PayPal launches PayPal.me, a person-to-person payment service

01.09.2015
The pioneer of online payments is aiming to make it easier to send and receive money from friends and colleagues in 18 countries around the globe. On Tuesday, PayPal launched PayPal.me, a person-to-person payment service similar to solutions like Square Cash, PayPal’s own Venmo, as well as add-on services from Facebook and Gmail.

What’s original about PayPal.me is that it centers around a permanent and unique site link. PayPal.me/LukeSkywalker, for example, would be the central location where people could send Luke money.

That site is then hooked into Luke’s PayPal account where he receives funds from friends, family, colleagues, even Sith. When you want people to send you money for that pricey lunch you covered, a communal office gift, or just a plain old IOU, you just send the debtor your PayPal.me link in an email, text, instant messenger, whatever.

PayPal calls the new service your “personal link to getting paid back.” Link, get it So clever, PayPal.

The downside is that the person paying you back must also have a PayPal account to use the new service.
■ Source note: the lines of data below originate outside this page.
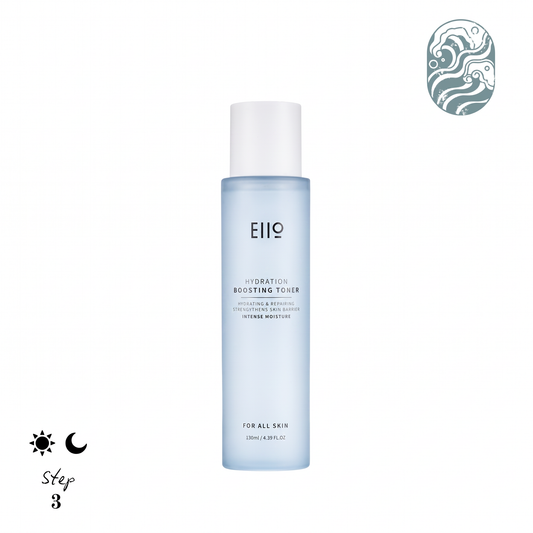 EIIO Hydration Boosting Toner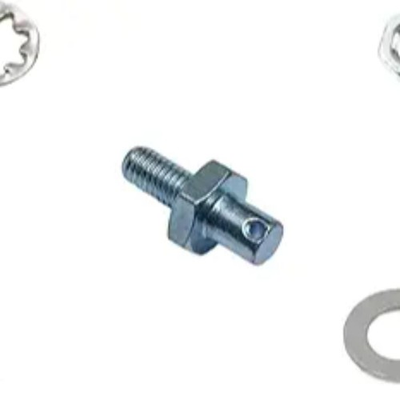 #ad Throttle Cable Adapter Stud Kit（10 32 x 3 8 Thread） with Nut Washers and Cot $16.99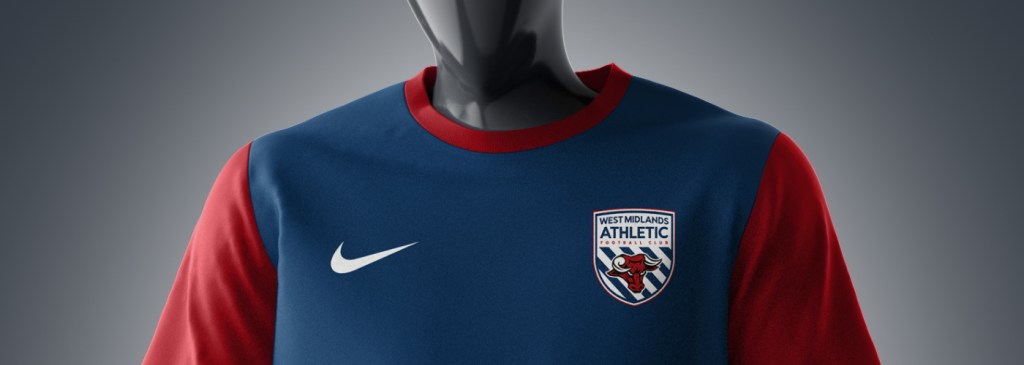 WMA F.C. –&nbsp;Branding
They can’t have just any PayPal account, however—it must be in one of the 18 PayPal.me-compatible countries, including the U.S., Canada, Australia, Austria, Belgium, Denmark, France, Germany, Italy, Netherlands, Norway, Poland, Russia, Spain, Sweden, Switzerland, Turkey, and the U.K.

The impact on you at home: PayPal already has a number of ways to send money to friends, such as Venmo (U.S. only) as well as a regular PayPal transfer (depending on the country). But none are as easy (or as global) as PayPal.me. However, there are other services that are just as easy. We’ve already looked at Square Cash, which is a simple email-based solution for anyone with a U.S. debit card. The solutions from Facebook and Gmail aren’t too shabby, either.

Once you’ve got all the prerequisites down, getting paid via PayPal.me is pretty simple. A person visits your PayPal.me site, enters the amount they want to pay, hits Next, signs in with their PayPal account, and approves the payment.

For users who want to get really fancy, you can even add a specific amount to the end of the URL. Let’s say, for example, Luke sent out a group text to his co-workers who are all chipping in $20 each for a wedding gift. Sending PayPal.me/LukeSkywalker/20 would open Luke’s PayPal.me site with $20 already entered and ready to go.

PayPal.me is live now, if you want to claim your own name before it’s gone.